The Chief Minister and I launched fresh tastes, which provides a safe, healthy environment for kids where we will remove sugary drinks and put in cool water for our kids at school. I went to a Catholic dinner. While you are trying to say community groups have no faith in me, Mr Doszpot, if you had arrived on time you would have seen that the Catholic community do indeed have faith in me. On Saturday night, I was supporting the launch of DonateLife Week, which is an incredibly important activity to be involved in. And on Monday, yesterday, I was launching the literacy and numeracy statement that in public schools teachers will be in the top 30 per cent. That is good policy, forward-looking policy that will benefit our kids.
Just last night I was at the Ricky Stuart Foundation launch. They are raising money—good money from good Canberra folk—around respite services in the community. You are saying that people in the community do not have faith in me. Again, I beg to disagree. In fact, in the Ricky Stuart Foundation program last night, it was written that the Ricky Stuart Foundation had had very positive discussions with Minister Burch and senior officials, and that they are confident that this program will go to fruition and be a success.
On the important matter of how we ensure quality teachers for our students, in today’s paper the Australian Education Union not only backs a new literacy and numeracy test for qualified teachers but thinks there is more work to do.
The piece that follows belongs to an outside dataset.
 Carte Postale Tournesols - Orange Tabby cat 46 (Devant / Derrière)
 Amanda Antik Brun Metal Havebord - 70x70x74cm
The union has said that the announcement that the government will only hire government school teachers in the top 30 per cent of the general population was an important step forward in recognising and valuing the teaching profession. Again, that is in contradiction to your statements about having no support from the community. They are clearly wrong. I have received letters from the independent schools association and from the Catholic school authority making clear statements of support to me.
Let me go through some of the other points that you have raised. Let me go to the tweet. There is no doubt—I have been straightforward in this—that that was a mistake. It was an absolutely shameful mistake, but it was a mistake. What do you do when you make a mistake? You stand up, you admit it, you accept it, you make an apology, and you do all you can for that. There is a comment, and it is an old adage, that he without blemish should throw the first stone. You yourself admitted that mistakes happen. As you were getting to the end of that, I think you said that it is a test of somebody about how you respond. There was an up-front apology—very clear, absolute—and contact with Mr Pyne’s office. I do not know what else someone can do when such a mistake has happened. Let us be very clear: it was a mistake. It is something I am deeply sorry for, and any offence caused I regret absolutely and deeply.